The equation $\phi (x)=n$ has only a finite number of solutions.

Question

While reading about Euler's totient function, I came across this question:

Prove that for a fixed $n$, the equation $\phi (x)=n$ has only a finite number of solutions.

I have thought a lot about it but could not arrive at a proof. I know that $\phi(m_1m_2)=\phi(m_1)\phi(m_2)$ (for $m_1,m_2$ co-prime), but it doesn't seem to help. Any hints/ideas on how to tackle this problem?

Note: I dont think this is a duplicate of Euler Totient Issues, as that question doesn't prove the result. It just clarifies the OP's misinterpretation of another result.

Answer 1

If $p$ is a prime divisor of $x$ and $x=p^k\cdot n$ where $p$ does not divide $n$, then

$$\phi(x)=p^{k-1}(p-1)\phi(n)$$

This is because the Euler totient function is "multiplicative", as you note: $\gcd(a,b)=1\implies \phi(ab)=\phi(a)\phi(b)$.

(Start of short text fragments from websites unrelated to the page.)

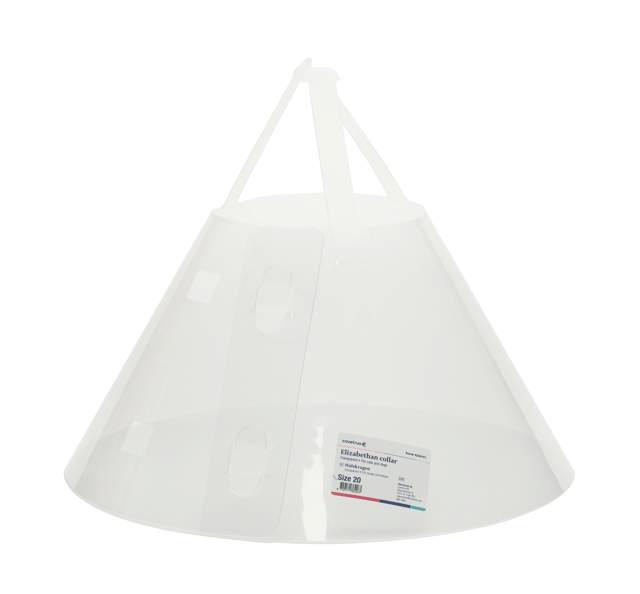 Elizabethan Collar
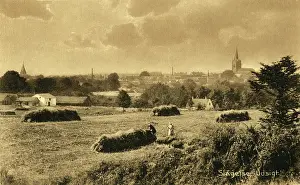 Bucolic: Slagelse Denmark - Rural Scene of Harvesting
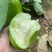 《实力商家》青茄大量上市,河南茄子,青茄子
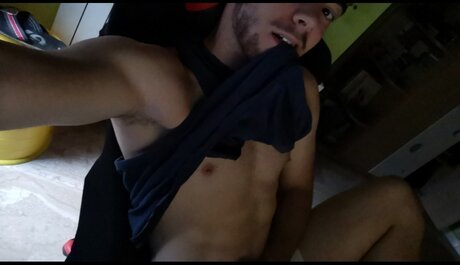 Priskov beautiful star galleries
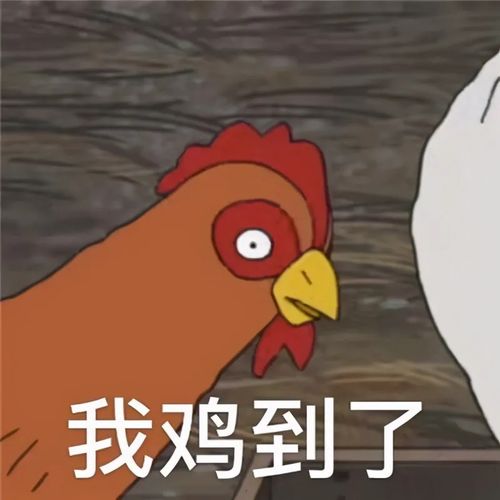 表情包男生女生都适合用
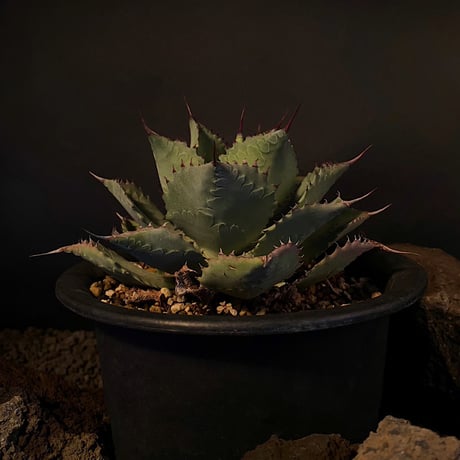 agavepotatorum | STORES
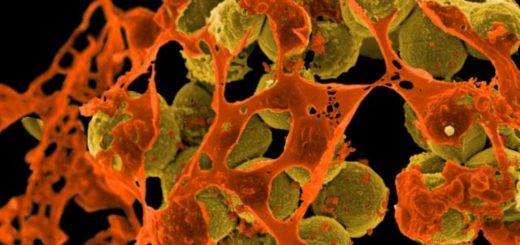 باکتری مقاوم به همه آنتی‌بیوتیک‌ها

Therefore, $\phi(x)\ge p-1$ and $\phi(x)>p^{k-1}$ for any prime divisor of $x$.

Think now how large $x$ can get. If there are too many prime divisors of $x$, $p-1$ gets larger than the given value of $\phi(x)$. If the powers of the primes get too large, $p^{k-1}$ gets larger than the given value of $\phi(x)$.

Now formalize that argument.